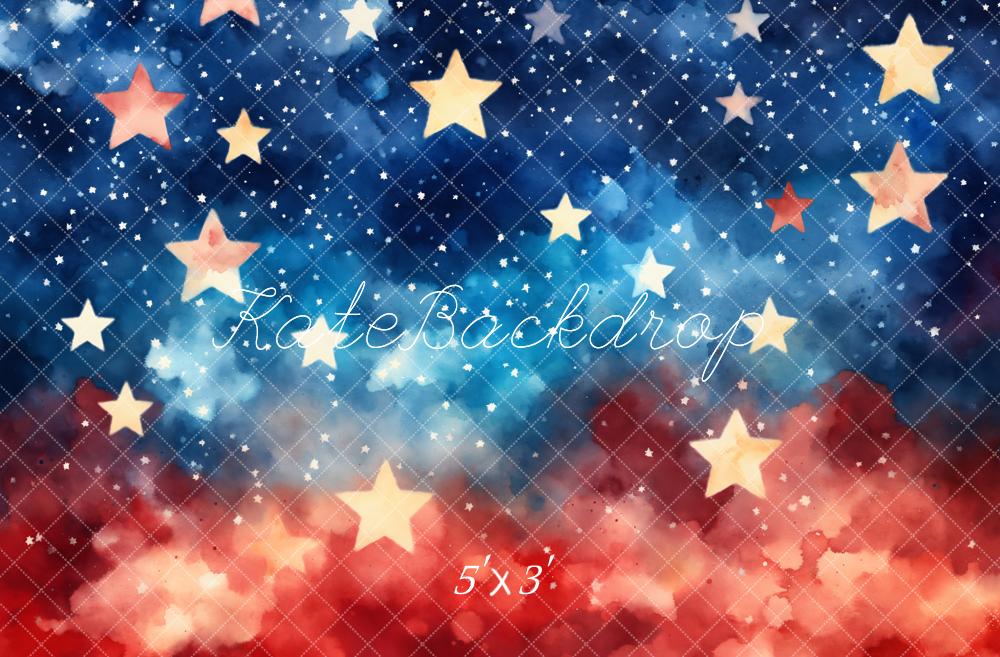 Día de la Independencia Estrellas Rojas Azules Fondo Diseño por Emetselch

...

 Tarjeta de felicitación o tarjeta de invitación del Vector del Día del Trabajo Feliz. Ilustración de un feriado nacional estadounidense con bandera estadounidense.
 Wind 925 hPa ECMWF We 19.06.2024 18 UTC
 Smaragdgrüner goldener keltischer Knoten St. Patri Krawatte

▶ TRY IT
When you reach the line in the material above that holds "Tarjeta de felicitación", begin reproducing lines exactly, and stop after the line that holds "Smaragdgrüner goldener keltischer".

▶ EXERCISE OUTPUT
 Tarjeta de felicitación o tarjeta de invitación del Vector del Día del Trabajo Feliz. Ilustración de un feriado nacional estadounidense con bandera estadounidense.
 Wind 925 hPa ECMWF We 19.06.2024 18 UTC
 Smaragdgrüner goldener keltischer Knoten St. Patri Krawatte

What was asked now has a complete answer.